If I am going to be staying in the hotel for more than 1 or 2 days, I’m hitting the local grocery or wine shop for a couple of cheap bottles (or even a box). This way I can have a quick lubricant before the networking event and also enough to keep me set for after the evening events. I tell myself that if I keep wine in the room for later, then I have no excuse to drink more than I should at the business dinner. I tell myself if I can be one of those people that has ONE sophisticated glass of wine at dinner, or one martini and then switch to Perrier, I’ll not only knock their socks off with our pitch but I’ll also be demonstrating will power, responsibility, restraint and all of the things I think of and envy in those people that can just have one. Nobody has to know that I had a serving or two before I left the hotel and plan to have more later. Nobody needs to know that but me.

 

BUT, as you might imagine, I’m still not able to stick to just one, despite my well thought out plan (insert eye roll here). I would like to say that I never REALLY made an assof myself, but you know, I’d be lying because honestly I have no idea.

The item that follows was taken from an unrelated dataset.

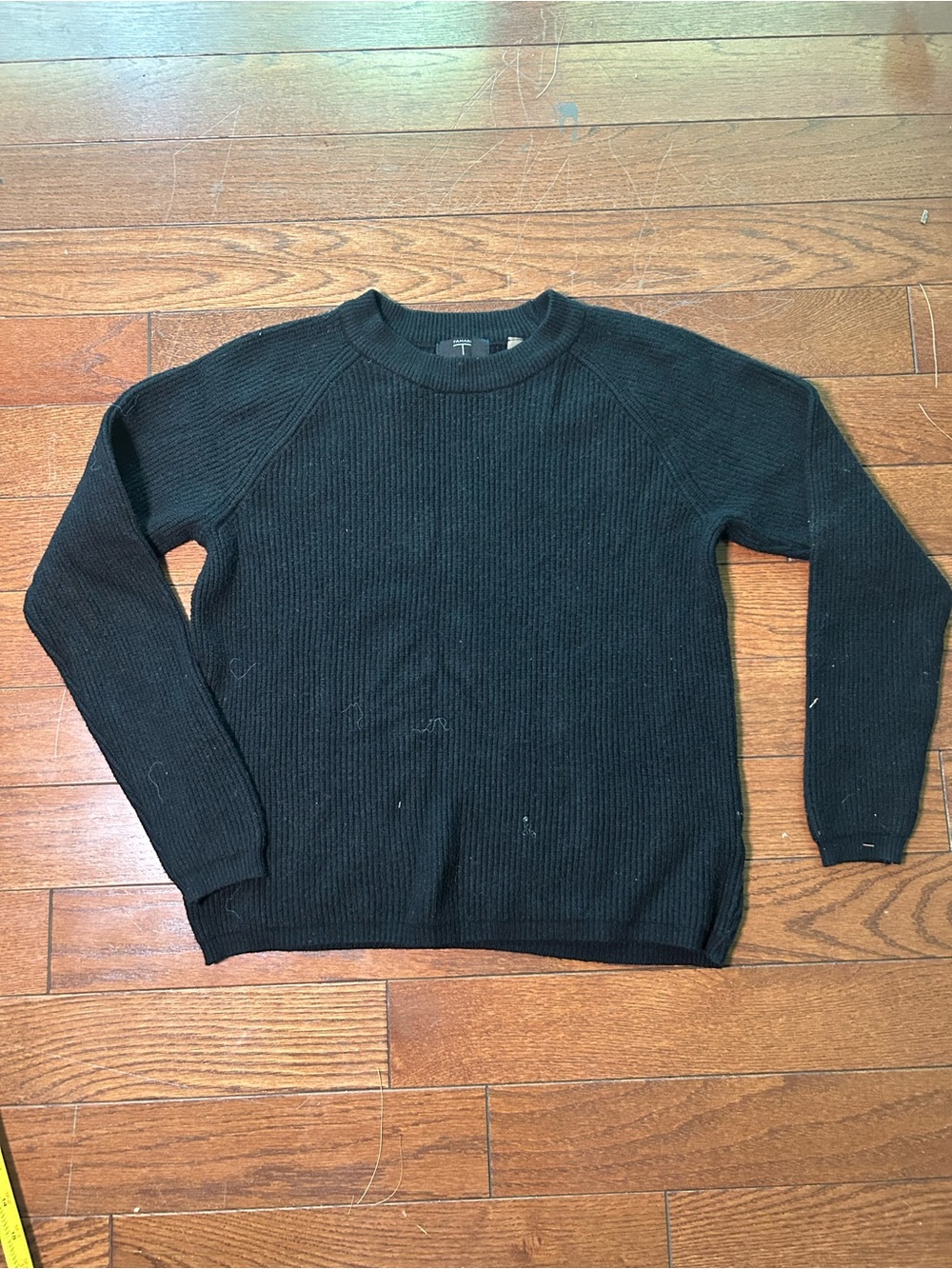 Tahari Men's Black Crewneck Sweater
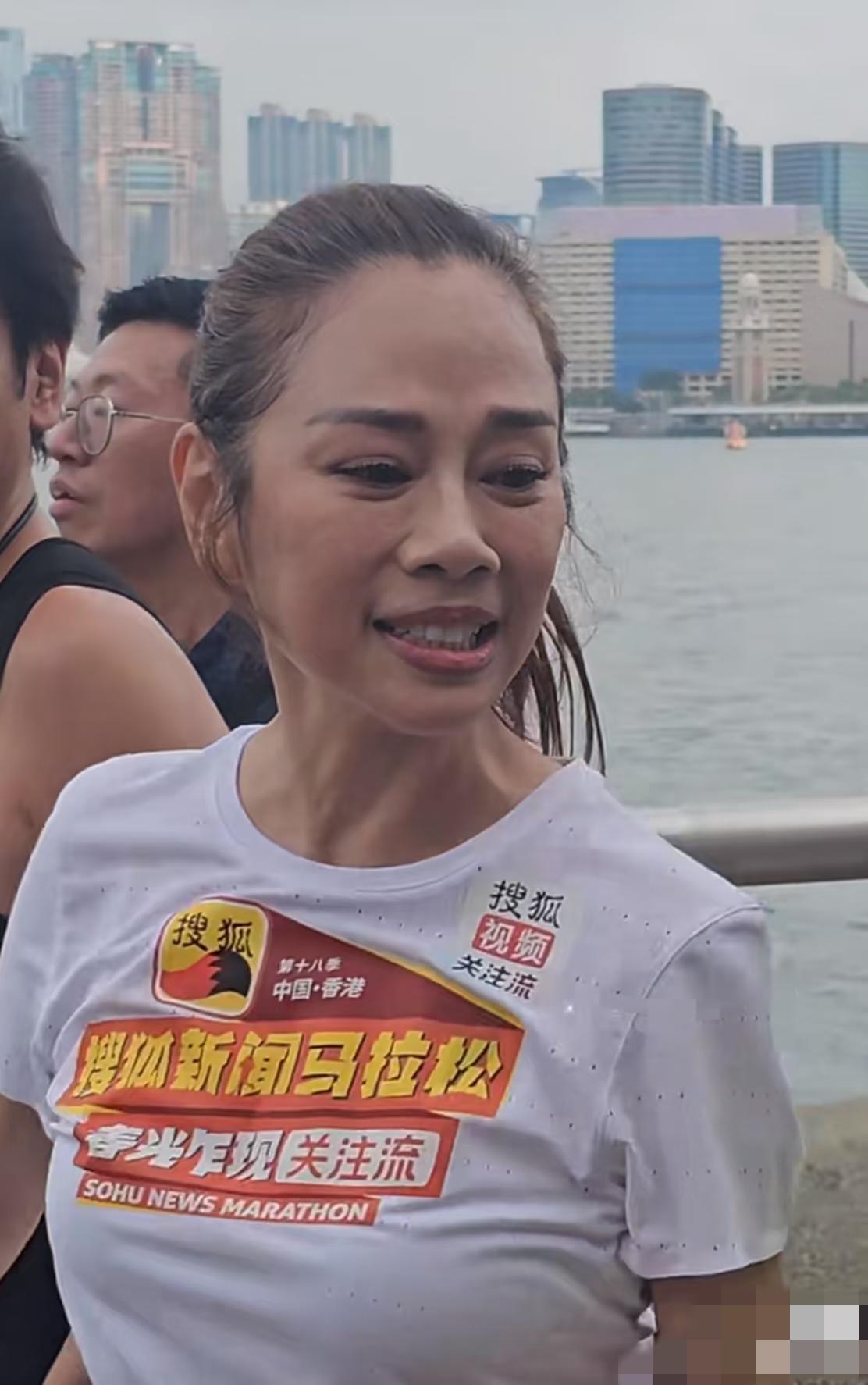 55岁陈松伶跑步，脸完全垮了，身材更像是老太太！3月26日，老牌歌手陈松伶现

I can’t imagine I got smarter as I slowed my brian function, and I sure as hell don’t get prettier when my nose fares up and turns bright red…. Sure I may feel like I look better or speak more wittily, but really I don’t think that’s physically possible.

 

The night either ends at dinner or a couple of us fun ones decide to grab a couple more at the lobby bar. By this time I have missed my window to call home and wish my babies and husband sweet dreams. He has texted me several times but I have missed them all…. I know that he will be upset but its as though 3 hours has flown by and I excuse my behavior because I’m just a working mom trying to make it in a man’s world. I know before the night has even started that this is how it will play out – and the shame of my recklessness and repeated patterns of behavior changes nothing despite the pain and shame I feel in abandoning my family (even for just a few hours) just to get my fix.

 

By the time I make it back to the room, I’m ravenous and tired and drunk. I think nothing of eating the $5 snickers and $15 peanuts and $8 chips from the mini bar. Then the guilt finger goes down my throat. It serves multiple purposes: I can erase the calories I just inhaled; it can get rid of the last few drinks that I downed; it can lessen the hangover I’ll feel tomorrow. BUT the real reason that drives me…. Or at least the real rewards, is the cleansing feeling that washes over me after I have purged and punished myself for what I have done - the physical act of releasing what I have put in it in such a manner that physically exhausts me to the point of collapse is not simply ritualistic, it has come to feel sacred. I vomit, rinse my mouth, and pass out. The next morning I deal with the consequences. I vow that today will be different. Wash, rinse, repeat. Its never different.

 

So, this time, I get to the hotel, walk past the bar and straight up to the room. I catch up on emails, then fill myself with nervous energy… do I take a nap? No. Go to the gym? Yes! So back to the room, shower, get ready for dinner.

 

To my surprise, at dinner I am not awkward, I’m not shy, I’m pretty witty and I’m completely sober. I overeat a bit (according to my standards which, I concede, are grossly unrealistic and have been designed to account for an inordinate number of liquid calories consumed on a daily basis). This part of the business trip, which I was really dreading, is actually pretty easy – probably because of the fantastic company at this particular dinner.

 

This type of routine took place in three different cities, in three different hotels, in three different airports, and on five different flights over the course of 4 days. I am exhausted.